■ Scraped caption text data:
- - -

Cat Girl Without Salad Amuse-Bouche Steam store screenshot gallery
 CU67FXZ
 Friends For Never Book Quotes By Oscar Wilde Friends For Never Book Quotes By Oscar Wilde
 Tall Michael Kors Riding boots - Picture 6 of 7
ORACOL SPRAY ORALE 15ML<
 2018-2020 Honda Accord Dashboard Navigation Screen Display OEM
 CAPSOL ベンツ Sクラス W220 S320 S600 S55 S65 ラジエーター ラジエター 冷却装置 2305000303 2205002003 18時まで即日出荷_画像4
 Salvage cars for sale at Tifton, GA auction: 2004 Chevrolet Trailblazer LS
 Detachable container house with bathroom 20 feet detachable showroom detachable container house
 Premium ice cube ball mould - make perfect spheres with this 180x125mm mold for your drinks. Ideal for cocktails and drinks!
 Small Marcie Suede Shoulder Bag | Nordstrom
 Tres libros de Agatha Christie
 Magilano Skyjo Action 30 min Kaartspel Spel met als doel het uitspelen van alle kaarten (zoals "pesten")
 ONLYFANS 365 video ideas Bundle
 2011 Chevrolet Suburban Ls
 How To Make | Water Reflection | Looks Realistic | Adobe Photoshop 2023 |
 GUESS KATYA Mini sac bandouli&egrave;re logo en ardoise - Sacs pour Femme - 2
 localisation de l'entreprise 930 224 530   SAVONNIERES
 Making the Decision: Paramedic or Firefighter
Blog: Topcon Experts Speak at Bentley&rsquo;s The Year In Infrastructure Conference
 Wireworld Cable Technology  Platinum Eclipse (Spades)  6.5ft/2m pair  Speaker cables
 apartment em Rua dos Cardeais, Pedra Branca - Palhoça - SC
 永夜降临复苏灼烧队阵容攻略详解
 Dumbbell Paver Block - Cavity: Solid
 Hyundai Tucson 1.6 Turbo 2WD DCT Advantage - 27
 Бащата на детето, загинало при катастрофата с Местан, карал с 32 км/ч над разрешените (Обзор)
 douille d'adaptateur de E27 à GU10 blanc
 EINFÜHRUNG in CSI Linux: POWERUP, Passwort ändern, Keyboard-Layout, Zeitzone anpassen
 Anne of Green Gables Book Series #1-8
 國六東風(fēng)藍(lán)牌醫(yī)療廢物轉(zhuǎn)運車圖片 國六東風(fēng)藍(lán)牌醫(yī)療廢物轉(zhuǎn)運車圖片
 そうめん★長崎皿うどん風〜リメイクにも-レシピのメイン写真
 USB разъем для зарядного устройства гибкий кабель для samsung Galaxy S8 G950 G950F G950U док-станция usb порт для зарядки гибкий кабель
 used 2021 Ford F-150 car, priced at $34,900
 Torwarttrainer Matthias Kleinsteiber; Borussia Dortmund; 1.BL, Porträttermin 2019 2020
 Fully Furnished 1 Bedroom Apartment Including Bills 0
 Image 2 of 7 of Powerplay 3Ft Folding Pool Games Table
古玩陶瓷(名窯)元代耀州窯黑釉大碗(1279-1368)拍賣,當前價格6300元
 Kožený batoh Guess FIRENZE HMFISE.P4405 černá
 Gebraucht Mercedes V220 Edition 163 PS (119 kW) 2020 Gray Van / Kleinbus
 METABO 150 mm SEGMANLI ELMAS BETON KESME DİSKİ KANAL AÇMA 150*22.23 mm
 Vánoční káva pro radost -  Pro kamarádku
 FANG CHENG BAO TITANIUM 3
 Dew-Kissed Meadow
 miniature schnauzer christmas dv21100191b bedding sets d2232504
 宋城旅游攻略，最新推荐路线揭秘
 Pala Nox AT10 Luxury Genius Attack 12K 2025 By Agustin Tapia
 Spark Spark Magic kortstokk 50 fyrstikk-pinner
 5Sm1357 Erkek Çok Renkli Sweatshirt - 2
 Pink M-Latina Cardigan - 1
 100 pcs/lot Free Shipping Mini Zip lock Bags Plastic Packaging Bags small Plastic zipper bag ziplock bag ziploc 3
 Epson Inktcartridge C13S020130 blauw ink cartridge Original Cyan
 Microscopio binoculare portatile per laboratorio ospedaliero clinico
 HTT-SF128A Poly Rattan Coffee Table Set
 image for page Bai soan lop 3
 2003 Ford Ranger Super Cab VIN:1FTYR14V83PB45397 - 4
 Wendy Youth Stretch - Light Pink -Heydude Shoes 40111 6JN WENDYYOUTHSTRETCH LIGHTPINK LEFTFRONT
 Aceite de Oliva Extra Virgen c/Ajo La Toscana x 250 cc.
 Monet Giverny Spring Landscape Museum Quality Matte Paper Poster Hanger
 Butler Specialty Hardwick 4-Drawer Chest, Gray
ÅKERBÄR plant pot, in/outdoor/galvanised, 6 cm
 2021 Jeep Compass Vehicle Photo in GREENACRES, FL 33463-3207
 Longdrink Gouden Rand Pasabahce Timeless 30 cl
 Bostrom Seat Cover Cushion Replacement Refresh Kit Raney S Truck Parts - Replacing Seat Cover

- - -

■ Exercise instructions: Would you print exactly the lines from the first line of the entries above through the line that has "used 2021 Ford F-150 car, priced at $34,900", both included, and stop there?

■ Result:
Cat Girl Without Salad Amuse-Bouche Steam store screenshot gallery
 CU67FXZ
 Friends For Never Book Quotes By Oscar Wilde Friends For Never Book Quotes By Oscar Wilde
 Tall Michael Kors Riding boots - Picture 6 of 7
ORACOL SPRAY ORALE 15ML<
 2018-2020 Honda Accord Dashboard Navigation Screen Display OEM
 CAPSOL ベンツ Sクラス W220 S320 S600 S55 S65 ラジエーター ラジエター 冷却装置 2305000303 2205002003 18時まで即日出荷_画像4
 Salvage cars for sale at Tifton, GA auction: 2004 Chevrolet Trailblazer LS
 Detachable container house with bathroom 20 feet detachable showroom detachable container house
 Premium ice cube ball mould - make perfect spheres with this 180x125mm mold for your drinks. Ideal for cocktails and drinks!
 Small Marcie Suede Shoulder Bag | Nordstrom
 Tres libros de Agatha Christie
 Magilano Skyjo Action 30 min Kaartspel Spel met als doel het uitspelen van alle kaarten (zoals "pesten")
 ONLYFANS 365 video ideas Bundle
 2011 Chevrolet Suburban Ls
 How To Make | Water Reflection | Looks Realistic | Adobe Photoshop 2023 |
 GUESS KATYA Mini sac bandouli&egrave;re logo en ardoise - Sacs pour Femme - 2
 localisation de l'entreprise 930 224 530   SAVONNIERES
 Making the Decision: Paramedic or Firefighter
Blog: Topcon Experts Speak at Bentley&rsquo;s The Year In Infrastructure Conference
 Wireworld Cable Technology  Platinum Eclipse (Spades)  6.5ft/2m pair  Speaker cables
 apartment em Rua dos Cardeais, Pedra Branca - Palhoça - SC
 永夜降临复苏灼烧队阵容攻略详解
 Dumbbell Paver Block - Cavity: Solid
 Hyundai Tucson 1.6 Turbo 2WD DCT Advantage - 27
 Бащата на детето, загинало при катастрофата с Местан, карал с 32 км/ч над разрешените (Обзор)
 douille d'adaptateur de E27 à GU10 blanc
 EINFÜHRUNG in CSI Linux: POWERUP, Passwort ändern, Keyboard-Layout, Zeitzone anpassen
 Anne of Green Gables Book Series #1-8
 國六東風(fēng)藍(lán)牌醫(yī)療廢物轉(zhuǎn)運車圖片 國六東風(fēng)藍(lán)牌醫(yī)療廢物轉(zhuǎn)運車圖片
 そうめん★長崎皿うどん風〜リメイクにも-レシピのメイン写真
 USB разъем для зарядного устройства гибкий кабель для samsung Galaxy S8 G950 G950F G950U док-станция usb порт для зарядки гибкий кабель
 used 2021 Ford F-150 car, priced at $34,900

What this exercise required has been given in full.